This handout photo released NASA shows a SpaceX Falcon 9 rocket with the company's Crew Dragon spacecraft onboard is seen seen on the launch pad at Launch Complex 39A as preparations continue for the Demo-1 mission on March 1, 2019 at the Kennedy Space Center in Florida. | Photo Credit: JOEL KOWSKY
SpaceX celebrated the successful launch on Saturday of a new astronaut capsule on a week-long round trip to the International Space Station — a key step towards resuming manned space flights from U.S. soil after an eight-year break.
This time around, the only occupant on board SpaceX’s Crew Dragon capsule was a dummy named Ripley — but NASA plans to put two astronauts aboard in July, although that date could be delayed.
The new capsule blasted off aboard the Falcon 9 rocket built by SpaceX — run by billionaire Elon Musk — at 2:49 a.m. (0749 GMT) from the Kennedy Space Center, Florida, lighting up the coastline.
The first and second stages separated without incident, placing Dragon in the Earth’s orbit 11 minutes after take-off.
Every successful stage of the mission — whose planning suffered three-year delays — triggered cheers at the firm’s headquarters and at the Kennedy Space Center.
“I’m a little emotionally exhausted, because that was super stressful but it worked, so far,” Mr. Musk told a late-night press conference an hour later.
“It’s been 17 years, we still haven’t launched anyone yet, but hopefully we will later this year.”
The next tricky step for the capsule will be docking at the ISS on Sunday at around 1100 GMT, with a return to Earth scheduled for next Friday.
It is to splash down in the Atlantic Ocean, and then return to Cape Canaveral. The mission aims to test the vessel’s reliability and safety in real-life conditions.
Ripley — nicknamed in honour of the character played by Sigourney Weaver in the Alien movies — is fitted with monitors to test the forces that future astronauts will be subjected to on takeoff and when they return to the Earth’s atmosphere and then land in the Atlantic, braked by giant parachutes.
The mission’s successful start provided some immediate reassurance.
At the press conference, Mr. Musk asked the two NASA astronauts slated to fly in Dragon: “You guys think it’s a good vehicle?”

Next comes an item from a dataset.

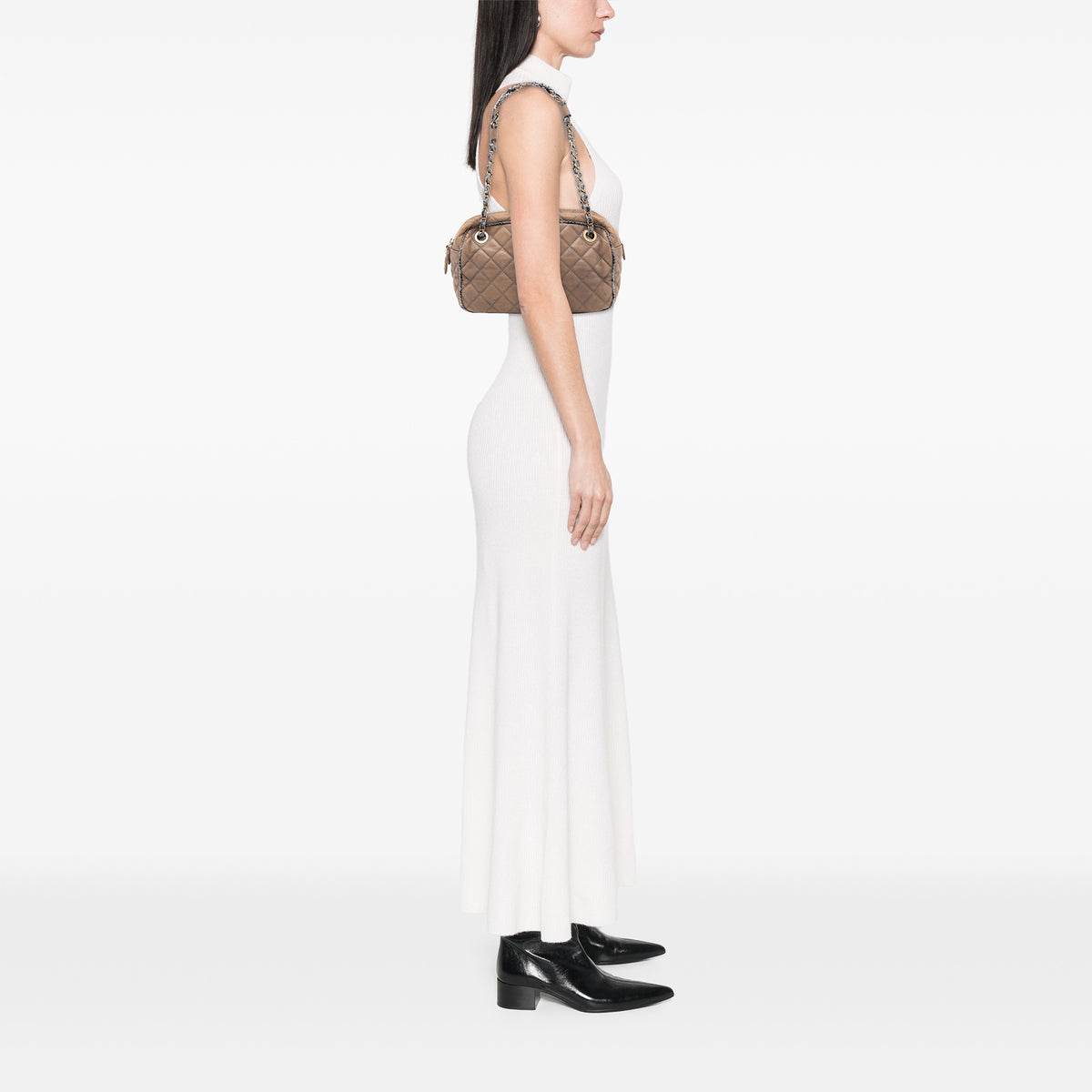 sc:https://storage.googleapis.com/luxclusif-photos-sku/HHR2RVJMYJRQAW4J/HHR2RVJMYJRQAW4J_7.jpg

They both nodded. “Seeing a success like this, that really gives us a lot confidence in the future,” said one of them, Bob Behnken.
In another success, the rocket’s first stage returned to Earth, landing on a platform 500 km off the Florida coast in the Atlantic. It marks the 35th such recovery by SpaceX.
“Today represents a new era in space flight” said Jim Bridenstine, head of the US space agency who sees the launch as a step toward the privatization of low Earth orbit.
After the shuttle programme was shut down in July 2011 following a 30-year run, NASA began outsourcing the logistics of its space missions. It pays Russia to get its people up to the ISS orbiting research facility at a cost of $82 million per head for a round trip.
In 2014, the U.S. space agency awarded contracts to SpaceX and Boeing for them to take over this task.